## Problem description
In the records below, begin at the line containing "Image de Hoesje" and end at the line containing "Автомобільний акумулятор BOSCH"; quote every line in that span exactly, including both boundary lines, and no others.

## Exercise data

- - - - - - -

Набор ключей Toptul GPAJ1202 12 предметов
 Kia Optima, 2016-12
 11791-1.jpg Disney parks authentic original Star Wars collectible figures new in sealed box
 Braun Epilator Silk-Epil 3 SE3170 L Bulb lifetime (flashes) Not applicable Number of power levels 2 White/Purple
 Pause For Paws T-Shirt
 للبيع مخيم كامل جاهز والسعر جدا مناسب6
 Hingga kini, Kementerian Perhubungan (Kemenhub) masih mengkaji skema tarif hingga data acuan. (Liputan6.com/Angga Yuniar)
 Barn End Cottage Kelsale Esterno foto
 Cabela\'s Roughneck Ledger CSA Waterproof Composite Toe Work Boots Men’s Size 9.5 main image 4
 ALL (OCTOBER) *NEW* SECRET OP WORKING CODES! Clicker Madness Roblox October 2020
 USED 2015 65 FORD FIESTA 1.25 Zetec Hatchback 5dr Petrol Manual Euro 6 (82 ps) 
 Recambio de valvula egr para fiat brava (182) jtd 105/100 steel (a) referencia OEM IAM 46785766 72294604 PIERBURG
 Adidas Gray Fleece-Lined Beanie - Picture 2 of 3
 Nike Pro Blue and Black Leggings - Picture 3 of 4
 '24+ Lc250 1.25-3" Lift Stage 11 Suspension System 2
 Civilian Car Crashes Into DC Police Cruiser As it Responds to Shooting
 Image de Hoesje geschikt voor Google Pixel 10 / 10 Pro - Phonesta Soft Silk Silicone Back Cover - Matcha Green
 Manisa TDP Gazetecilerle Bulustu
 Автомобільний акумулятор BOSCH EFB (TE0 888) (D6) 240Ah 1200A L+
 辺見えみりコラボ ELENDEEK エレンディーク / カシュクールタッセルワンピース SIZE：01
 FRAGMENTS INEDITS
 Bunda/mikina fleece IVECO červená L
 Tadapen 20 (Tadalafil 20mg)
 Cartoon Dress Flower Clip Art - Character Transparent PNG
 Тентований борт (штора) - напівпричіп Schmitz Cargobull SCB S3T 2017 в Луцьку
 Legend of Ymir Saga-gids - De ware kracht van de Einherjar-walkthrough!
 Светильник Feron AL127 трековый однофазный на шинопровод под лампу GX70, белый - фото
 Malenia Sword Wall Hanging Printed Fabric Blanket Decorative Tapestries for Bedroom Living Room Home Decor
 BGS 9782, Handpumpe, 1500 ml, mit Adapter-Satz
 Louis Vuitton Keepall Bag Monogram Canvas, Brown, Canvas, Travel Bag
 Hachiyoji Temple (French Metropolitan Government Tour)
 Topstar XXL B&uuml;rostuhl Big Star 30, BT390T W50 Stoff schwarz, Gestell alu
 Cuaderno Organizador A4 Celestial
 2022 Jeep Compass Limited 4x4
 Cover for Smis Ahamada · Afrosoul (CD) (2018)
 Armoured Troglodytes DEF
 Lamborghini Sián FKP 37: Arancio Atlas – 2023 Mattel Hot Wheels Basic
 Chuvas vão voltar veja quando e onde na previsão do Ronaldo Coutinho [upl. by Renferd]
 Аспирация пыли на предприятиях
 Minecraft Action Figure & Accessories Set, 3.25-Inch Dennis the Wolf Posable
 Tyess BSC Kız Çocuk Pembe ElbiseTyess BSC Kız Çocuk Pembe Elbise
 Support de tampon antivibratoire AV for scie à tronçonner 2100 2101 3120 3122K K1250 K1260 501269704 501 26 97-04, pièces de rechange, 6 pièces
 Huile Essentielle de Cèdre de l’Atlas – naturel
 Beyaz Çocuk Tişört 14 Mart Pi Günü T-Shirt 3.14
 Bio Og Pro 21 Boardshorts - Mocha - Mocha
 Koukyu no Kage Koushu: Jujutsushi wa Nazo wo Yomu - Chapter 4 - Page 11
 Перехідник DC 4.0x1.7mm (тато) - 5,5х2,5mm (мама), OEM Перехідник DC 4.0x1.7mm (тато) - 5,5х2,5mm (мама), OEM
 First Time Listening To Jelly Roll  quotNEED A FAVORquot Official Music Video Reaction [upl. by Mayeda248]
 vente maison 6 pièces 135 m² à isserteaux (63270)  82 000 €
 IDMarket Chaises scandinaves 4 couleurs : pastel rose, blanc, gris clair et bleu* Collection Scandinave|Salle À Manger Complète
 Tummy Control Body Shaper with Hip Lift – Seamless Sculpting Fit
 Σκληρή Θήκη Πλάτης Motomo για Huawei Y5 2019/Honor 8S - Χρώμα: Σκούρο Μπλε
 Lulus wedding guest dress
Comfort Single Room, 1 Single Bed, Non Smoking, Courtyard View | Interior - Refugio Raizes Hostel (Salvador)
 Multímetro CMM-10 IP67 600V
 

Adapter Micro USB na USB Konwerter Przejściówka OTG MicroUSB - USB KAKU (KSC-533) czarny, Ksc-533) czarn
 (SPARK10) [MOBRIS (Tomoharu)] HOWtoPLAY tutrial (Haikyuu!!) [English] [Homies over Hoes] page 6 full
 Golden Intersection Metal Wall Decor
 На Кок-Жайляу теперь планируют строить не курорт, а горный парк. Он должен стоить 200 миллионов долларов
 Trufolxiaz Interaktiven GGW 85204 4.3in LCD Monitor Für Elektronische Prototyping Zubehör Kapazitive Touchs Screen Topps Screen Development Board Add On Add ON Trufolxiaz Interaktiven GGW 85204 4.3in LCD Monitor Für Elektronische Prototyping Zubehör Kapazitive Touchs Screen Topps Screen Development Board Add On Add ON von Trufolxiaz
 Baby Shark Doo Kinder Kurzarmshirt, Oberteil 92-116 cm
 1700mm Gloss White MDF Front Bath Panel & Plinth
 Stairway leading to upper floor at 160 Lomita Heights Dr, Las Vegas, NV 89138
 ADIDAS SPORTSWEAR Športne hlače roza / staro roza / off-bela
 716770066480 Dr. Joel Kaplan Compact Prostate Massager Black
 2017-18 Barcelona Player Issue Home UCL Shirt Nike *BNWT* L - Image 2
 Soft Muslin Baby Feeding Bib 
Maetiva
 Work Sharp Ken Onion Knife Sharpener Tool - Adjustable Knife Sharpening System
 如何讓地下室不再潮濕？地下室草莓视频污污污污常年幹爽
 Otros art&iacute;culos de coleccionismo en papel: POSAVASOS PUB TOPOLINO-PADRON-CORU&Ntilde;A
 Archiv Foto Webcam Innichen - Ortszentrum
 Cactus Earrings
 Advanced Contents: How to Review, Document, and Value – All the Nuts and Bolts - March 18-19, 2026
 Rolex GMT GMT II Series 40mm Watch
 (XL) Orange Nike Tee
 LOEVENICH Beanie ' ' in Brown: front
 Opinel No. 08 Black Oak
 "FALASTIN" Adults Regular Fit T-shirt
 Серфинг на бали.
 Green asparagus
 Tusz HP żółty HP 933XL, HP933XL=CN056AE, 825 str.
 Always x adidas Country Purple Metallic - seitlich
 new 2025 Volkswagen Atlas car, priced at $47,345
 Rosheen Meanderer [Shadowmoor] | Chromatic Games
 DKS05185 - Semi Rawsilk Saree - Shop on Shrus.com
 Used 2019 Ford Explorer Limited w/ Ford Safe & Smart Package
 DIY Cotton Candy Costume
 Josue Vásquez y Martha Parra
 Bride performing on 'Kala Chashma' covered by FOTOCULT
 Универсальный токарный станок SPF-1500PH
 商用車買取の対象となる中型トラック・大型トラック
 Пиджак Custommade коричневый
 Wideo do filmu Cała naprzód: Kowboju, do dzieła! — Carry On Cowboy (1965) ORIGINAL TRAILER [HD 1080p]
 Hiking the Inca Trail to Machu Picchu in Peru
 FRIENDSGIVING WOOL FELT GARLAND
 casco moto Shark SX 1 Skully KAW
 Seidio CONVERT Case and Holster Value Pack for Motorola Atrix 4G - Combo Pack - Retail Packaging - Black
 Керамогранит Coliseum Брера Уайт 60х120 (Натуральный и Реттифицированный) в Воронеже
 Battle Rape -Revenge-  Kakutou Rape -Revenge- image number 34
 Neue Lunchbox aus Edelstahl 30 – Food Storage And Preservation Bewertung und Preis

- - - - - - -

## Exercise result
 Image de Hoesje geschikt voor Google Pixel 10 / 10 Pro - Phonesta Soft Silk Silicone Back Cover - Matcha Green
 Manisa TDP Gazetecilerle Bulustu
 Автомобільний акумулятор BOSCH EFB (TE0 888) (D6) 240Ah 1200A L+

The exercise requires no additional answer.